Notablecalls - Paperstand - Barron's

Barrons' cover story discusses general mkt condition and highlights ten stocks they recommend to buy, due low valuation. Those stocks include Chevron (CVX), Cisco (CSCO), Dow Chemical (DOW), General Electric (GE), Home Depot (HD), Lehman Brothers (LEH), Nestle, News Corp. (NWS), Vodafone (VOD) and Wal-Mart (WMT).

Barron's highlights Excelsior Large Cap Growth fund top holdings: GOOG, CELG, CMX, AMX, EXPD, ZMH, AAPL, QCOM, EBAY and AGN.

Barron's discusses ITC Holdings (ITC), saying that at 29, the co trades for 30x '06 ests. The shares could rally 20% in the next 2 years as profits rise. ITC is the nation's 10th largest and only publicly traded stand-alone transmission concern, which is poised to capitalize on regulatory changes that favor such independent entities. ITC focuses exclusively on the transporting of electric power, serving a population base of almost 10m customers in the metropolitan Detroit area and southeastern Michigan.

According to the Barron's, the housing mkt in Las Vegas may be overvalued by 42%. When it eventually tumbles, pinched residents are apt to curb their visits to Station Casinos (STN). The stock could be halved.

Notablecalls: The phrase "stock could be halved" sure does look ugly. Expect to see a steep (5-10%) drop in STN Monday morning.

According to the Barron's, Ashland (ASH) shares could be worth at least 20% more, if co spinoffs deliver the promised results. Putting all parts together and deducting corporate overhead at a multiple of 10x, Kip Meyer, of Advisory Research, arrives at a value of $5.83bn, or $81 a share. Such a valuation might interest private equity players as well: Morgan Stanley listed Ashland as a possible LBO candidate in a recent screening.

The "Follow Up" section discusses Yahoo (YHOO), saying that Barron's liked Yahoo at 29 and they like it more at 25. Yahoo took nosedive last week, when the co missed earning ests and delayed its search-engine advertising system. Larry Haverty of Gabelli Global Multimedia Trust has recommended that value-account clients at Gabelli buy Yahoo at these levels, noting that "unless Panama doesn't work at all, any problems with it are discounted." He calls the stock an "extraordinarily strong buy" at 13x trailing cash flow and sees the shares climbing to the high 30s, and possibly over 40.

Barrons' "Sizing Up Small Cap" section discusses favorably Energen (EGN), whose Alagasco unit is the largest gas utility in the state of Alabama.
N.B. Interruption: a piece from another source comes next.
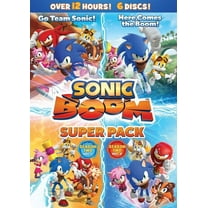 Sonic Boom Super Pack (DVD), NCircle, Kids & Family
Regulators in Alabama are fairly accommodating, allowing Alagasco to earn an above-avg 13.15-13.65% ROE. For all of this year, Peter Vig, of RoundRock Capital, expects Energen to earn around $3 a share. Next year, he's looking for about $3.90. So the stock, at $38, is going for less than 10x the '07 est. Co's mgmt guidance for the year is $3.10-3.30 a share and $3.80-4.20 for next year. The shares are worth at least $50 or so, Mr. Vig reckons, if valued at a modest 13x his next year's est.

Barrons' "Technology Trader" section discusses Amgen (AMGN), saying that competition is growing for the co's cash-cow products. In Europe rivals are readying generic-style copies of its pioneering products. In US courts, Amgen fighting Roche Holding, which plans to sell a red-blood-cell-boosting treatment in America. And a more formidable rival in the EPO wars looms: Novartis (NVS). "We will have EPO in the European mkt, no question," Daniel Vasella, Novartis's CEO said to the Barron's. The EPO products from Novartis and Stada would compete directly against J&J (JNJ), which sells Eprex under license from Amgen. Novartis also has an indirect anti- Aranesp play; it owns a 1/3 of Roche, which sells CERA, a long-acting EPO product, in mkts outside the US. Amgen is trying to stop CERA from coming to America, by asserting its US EPO and Aranesp patents.

Notablecalls: No new information, biotech traders/investors know it all.